BEGIN MATERIALS PROVIDED
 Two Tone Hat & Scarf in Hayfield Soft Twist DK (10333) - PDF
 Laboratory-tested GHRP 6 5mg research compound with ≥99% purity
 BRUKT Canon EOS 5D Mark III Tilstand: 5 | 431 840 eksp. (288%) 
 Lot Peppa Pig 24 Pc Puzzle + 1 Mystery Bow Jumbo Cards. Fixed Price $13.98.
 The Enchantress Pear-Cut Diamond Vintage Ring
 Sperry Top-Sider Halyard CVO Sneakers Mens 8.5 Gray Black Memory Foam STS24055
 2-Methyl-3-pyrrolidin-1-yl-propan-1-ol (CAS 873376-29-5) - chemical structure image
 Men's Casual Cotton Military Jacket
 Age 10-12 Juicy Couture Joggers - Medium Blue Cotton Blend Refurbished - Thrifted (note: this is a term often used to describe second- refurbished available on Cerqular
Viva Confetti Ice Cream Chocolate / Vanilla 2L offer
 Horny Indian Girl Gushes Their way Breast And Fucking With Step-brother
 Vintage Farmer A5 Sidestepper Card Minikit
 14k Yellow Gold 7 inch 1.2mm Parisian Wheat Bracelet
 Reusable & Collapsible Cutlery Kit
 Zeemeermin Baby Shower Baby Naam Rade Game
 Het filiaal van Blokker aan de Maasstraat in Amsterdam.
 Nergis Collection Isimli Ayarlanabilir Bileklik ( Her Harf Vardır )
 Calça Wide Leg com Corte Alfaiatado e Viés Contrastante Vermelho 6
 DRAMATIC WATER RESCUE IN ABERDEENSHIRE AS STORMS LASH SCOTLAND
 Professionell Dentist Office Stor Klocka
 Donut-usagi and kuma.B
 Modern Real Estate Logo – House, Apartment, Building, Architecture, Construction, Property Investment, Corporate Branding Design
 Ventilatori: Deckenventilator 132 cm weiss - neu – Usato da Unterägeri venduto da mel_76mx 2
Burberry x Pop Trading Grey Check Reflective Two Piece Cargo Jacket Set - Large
END MATERIALS PROVIDED
▸ BRIEF: Throughout the data above, copy all lines where the word "Vintage" is found.

▸ EXERCISE SOLUTION:
 The Enchantress Pear-Cut Diamond Vintage Ring
 Vintage Farmer A5 Sidestepper Card Minikit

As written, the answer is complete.